* _What to produce_
Using the listing below, copy exactly each line from the one that has "a villa with" through the one that has "Portrait of happy"; omit the pictures.

* _Material supplied_
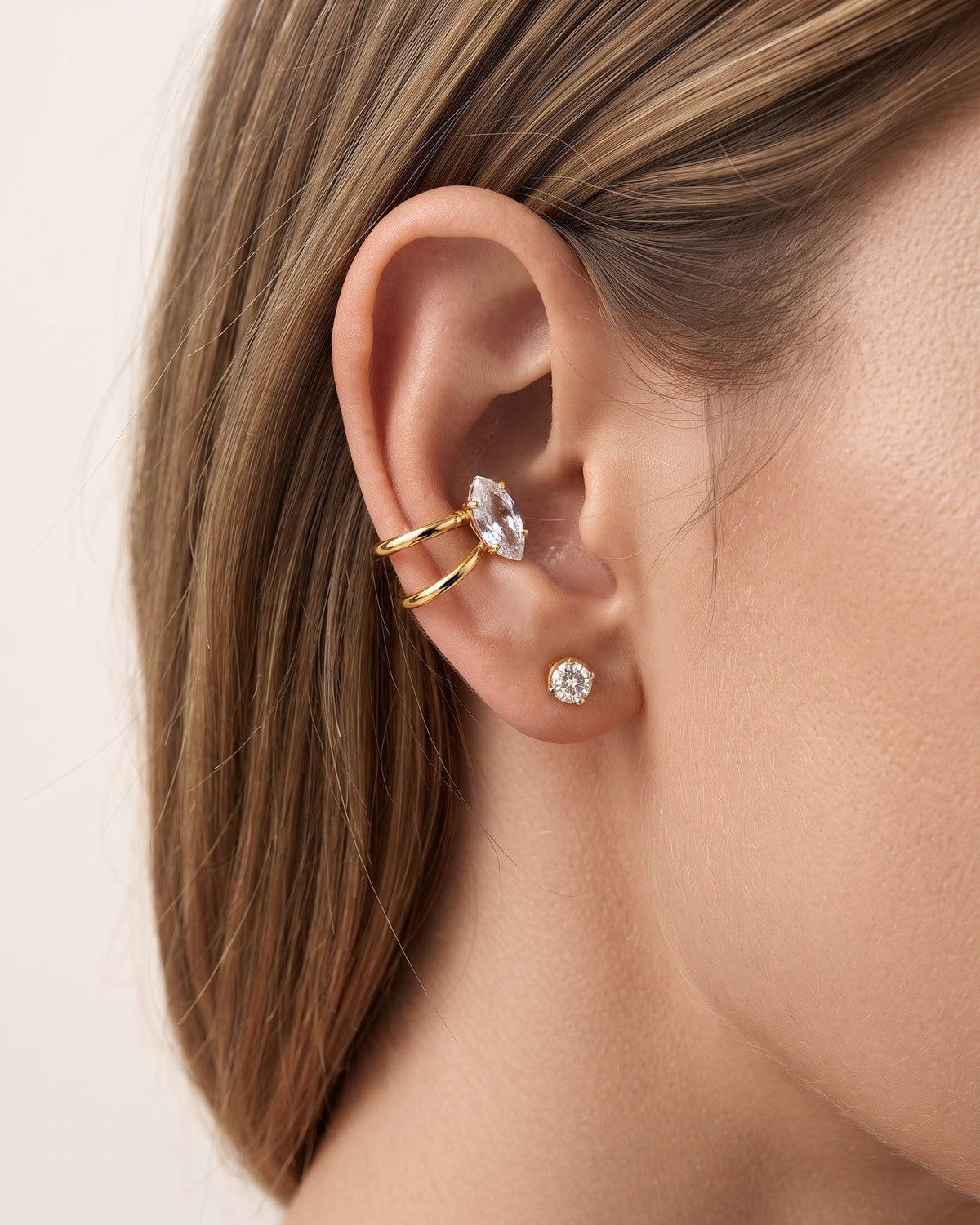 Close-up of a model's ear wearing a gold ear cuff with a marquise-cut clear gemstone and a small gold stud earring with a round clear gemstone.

==

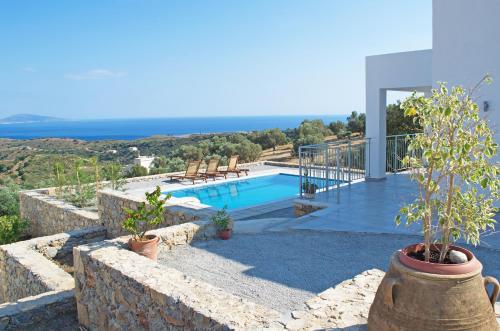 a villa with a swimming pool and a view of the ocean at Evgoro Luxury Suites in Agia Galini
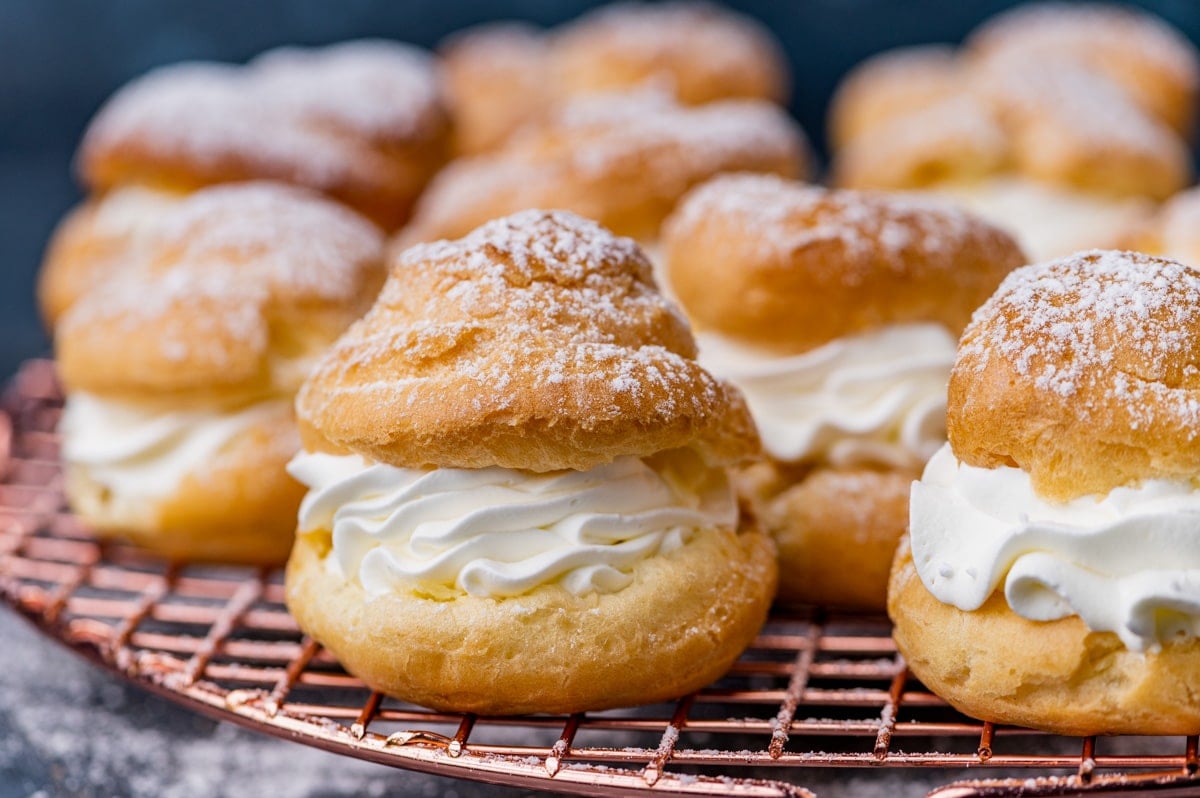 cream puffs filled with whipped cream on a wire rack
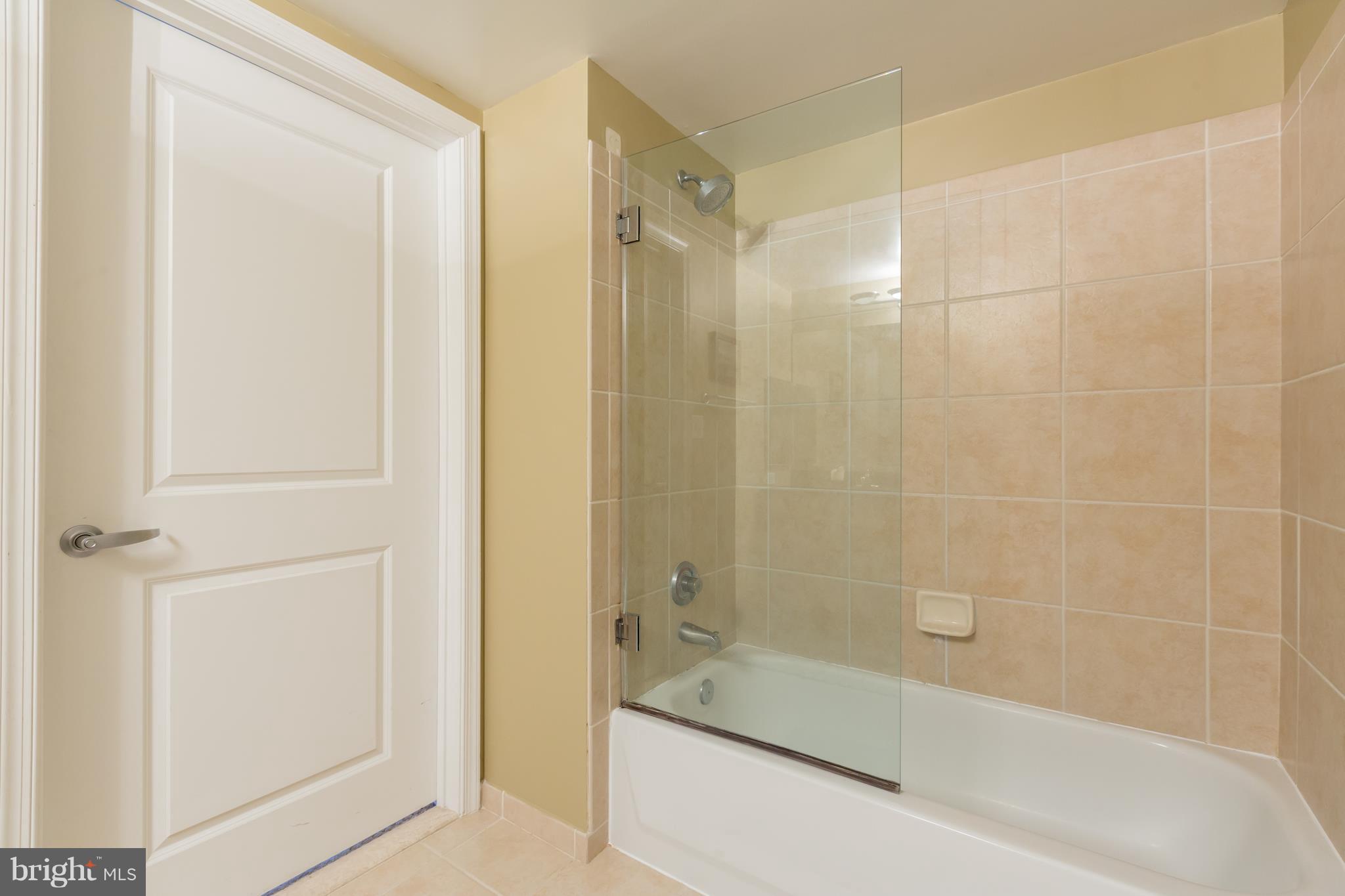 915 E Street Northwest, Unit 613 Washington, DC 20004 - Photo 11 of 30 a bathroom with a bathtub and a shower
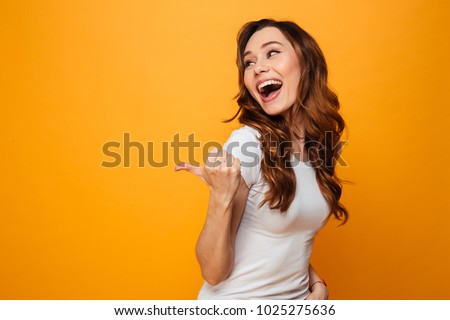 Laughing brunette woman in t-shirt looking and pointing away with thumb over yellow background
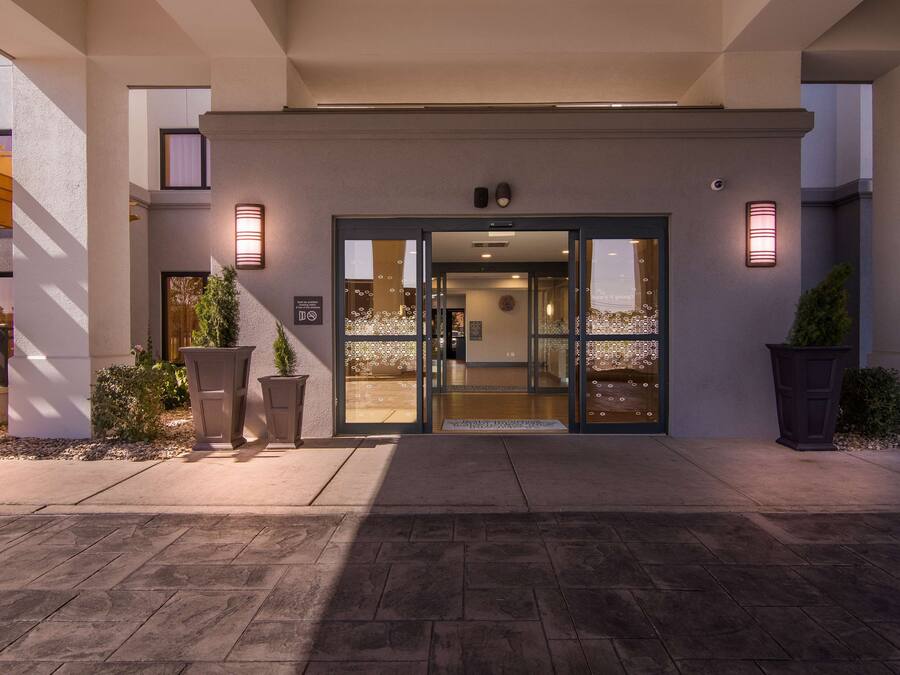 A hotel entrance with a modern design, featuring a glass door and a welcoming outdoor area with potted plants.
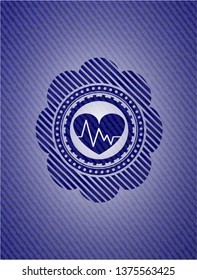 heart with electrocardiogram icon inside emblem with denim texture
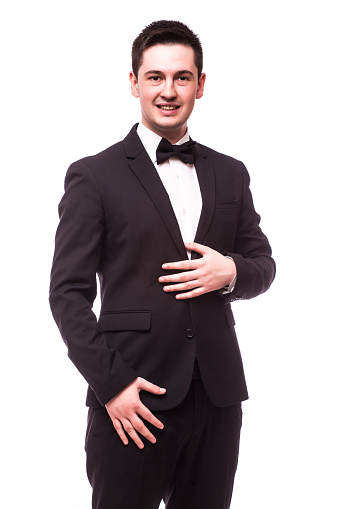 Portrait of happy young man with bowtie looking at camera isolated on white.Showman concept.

* _Reply_
 a villa with a swimming pool and a view of the ocean at Evgoro Luxury Suites in Agia Galini
 cream puffs filled with whipped cream on a wire rack
 915 E Street Northwest, Unit 613 Washington, DC 20004 - Photo 11 of 30 a bathroom with a bathtub and a shower
 Laughing brunette woman in t-shirt looking and pointing away with thumb over yellow background
 A hotel entrance with a modern design, featuring a glass door and a welcoming outdoor area with potted plants.
 heart with electrocardiogram icon inside emblem with denim texture
 Portrait of happy young man with bowtie looking at camera isolated on white.Showman concept.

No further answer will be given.